This is in response to Janae Grace Huber's request for advice for a webcomic newbie... and it's way too long for a status comment, so...
There's basically three "costs" in starting a website of any kind:
- Loss of control of your content.
- Your time and effort.
When you minimize one of these, but the others go up.
Sites like Wordpress.com and Blogger will set you up with a site for free and at low effort, but at a loss of control. (In that they can display ads on your site. Also their terms of service need to be read carefully. Sometimes services want to be able to use your content to promote their own service)
You can pay them to remove ads, but of course, that's more money for less loss of control.
You can pay to have your site hosted, which shouldn't cost more than $10/mo. for a small site plus about $10 a year for a domain. Some hosts offer a sitebuilder. Many have easy installations for wordpress or other content management systems (CMS).
There's a catch with those sometimes. Since they use pre-built templates, there's usually a link on the bottom of each page to the designer and/or the sitebuilder. In other words, ads. You can pay for a custom template (more money) or design your own (more effort).
You can also design your own site from scratch.
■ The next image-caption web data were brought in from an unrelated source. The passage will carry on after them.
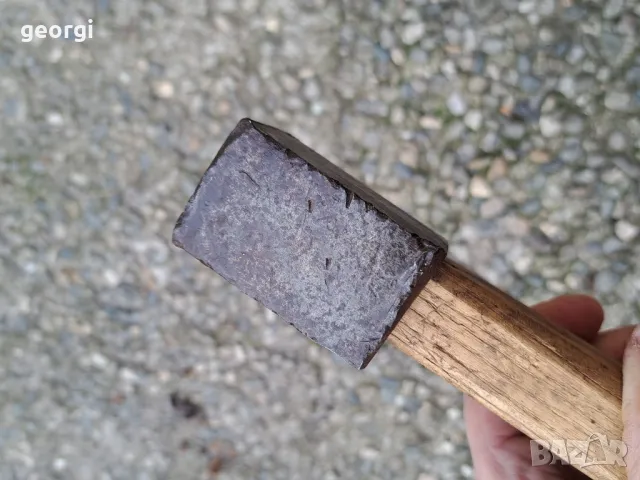 Ochsenkopf Gold стара брадва, снимка 14 - Колекции - 48355649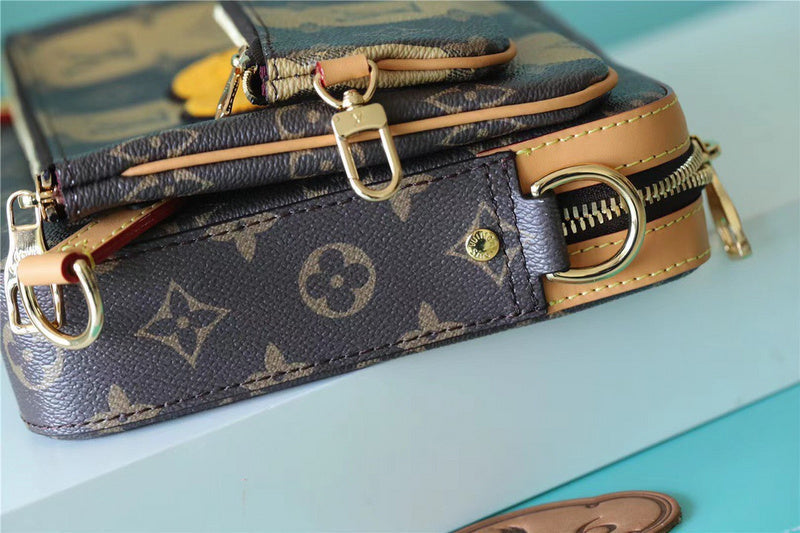 Ozarra Fashion Lu-Vi bags - 10055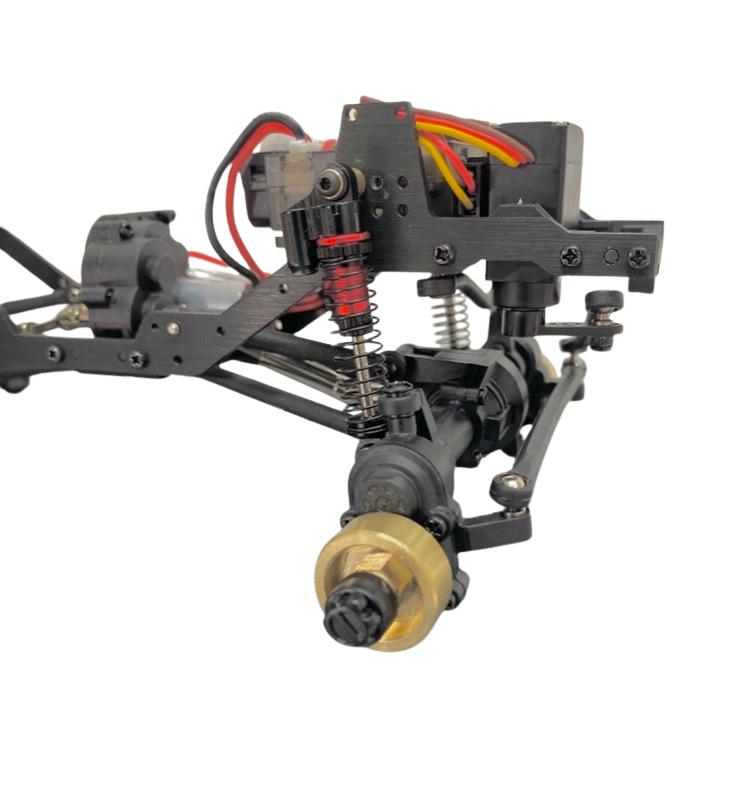 Absima Kuusikulmainen pyörä (X4) Crawler 1/18 PRO HBP240287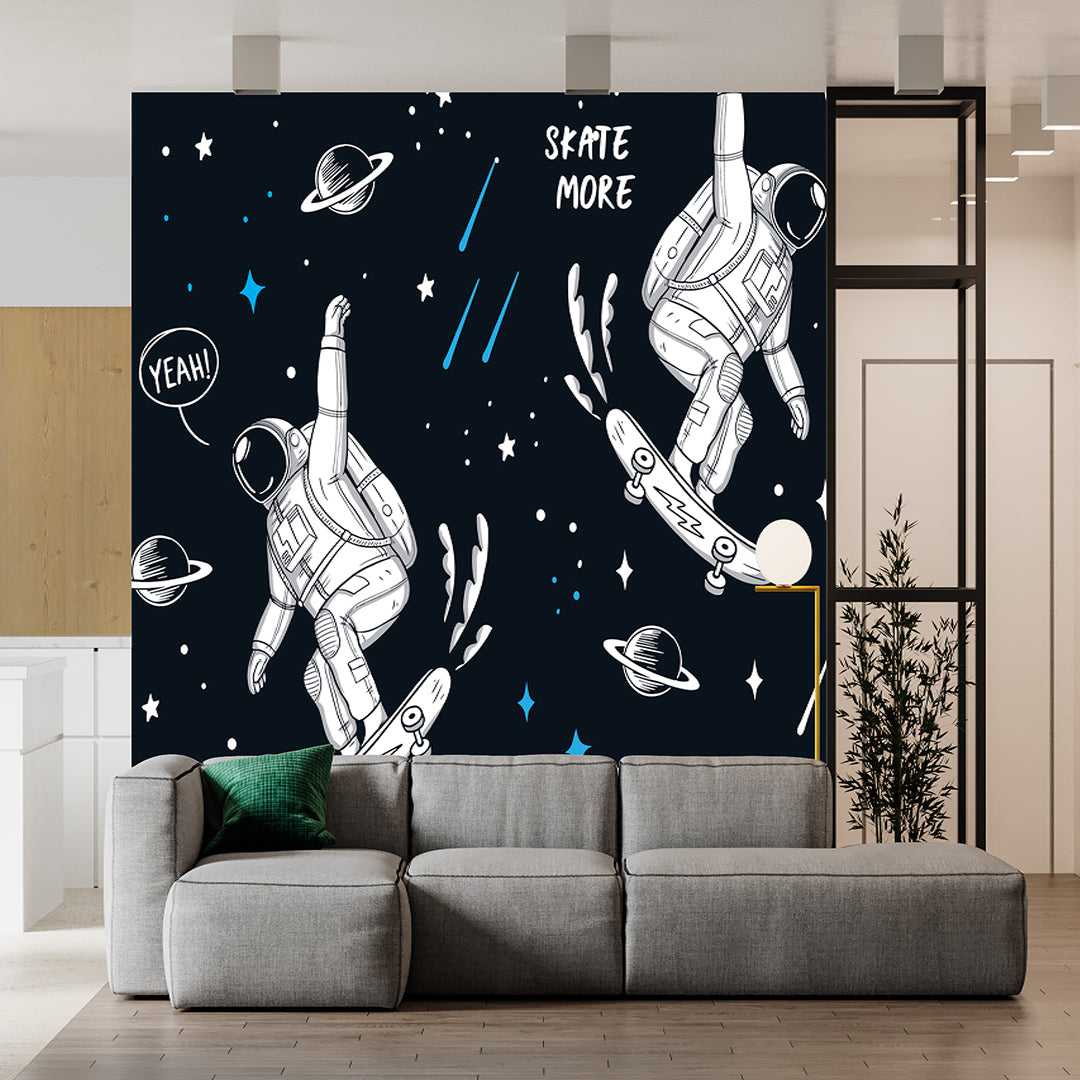 Skating On The Space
The amount of effort that goes into this depends a lot on how interactive you want your site to be. It also depends on what you already know.
So, here's the bottom line. If you want to be in webcomics, I recommend learning some of the "web" part as well as the "comics" part. The extra effort will give you more options, and can save you money and help maintain control of what your readers see when they read your work.
Libraries will have books on making websites. Some libraries even offer online courses. Here's some tips for picking a book:
- Pick more than one. It's a library, they're free, and different teaching styles work better for different people. (I'm usually fond of O'Reilly, Visual Quickstart and Missing Manual.)
- Look for recent books. Something in the last few years if possible, the newer the better. The internet changes quick, and some things I learned fifteen years ago when I made my first site are would be terrible advice now.
- Other than titles just saying "how to make a website", look for books about things like HTML5 and CSS, or Wordpress.
There's also plenty of websites that teach webdesign.
Ok... That was a lot of typing.
Any other webcartoonists have any other advice?
*Edited to differentiate wordpress from wordpress.com.
Wordpress is a free, open-source content management system (CMS) which can be found at wordpress.org. Almost a third of the internet runs on wordpress. It handles most, if not all, coding for you unless you want to make your own themes. Pre-made themes are plentiful but are not all free and/or open-source. You still need a webhost for your wordpress site. Many webhosts offer auto-installers for wordpress and other CMS.
Wordpress.com is a hosting service run by the people who manage the development of the wordpress CMS. It offers free and paid wordpress sites, simular to Blogger.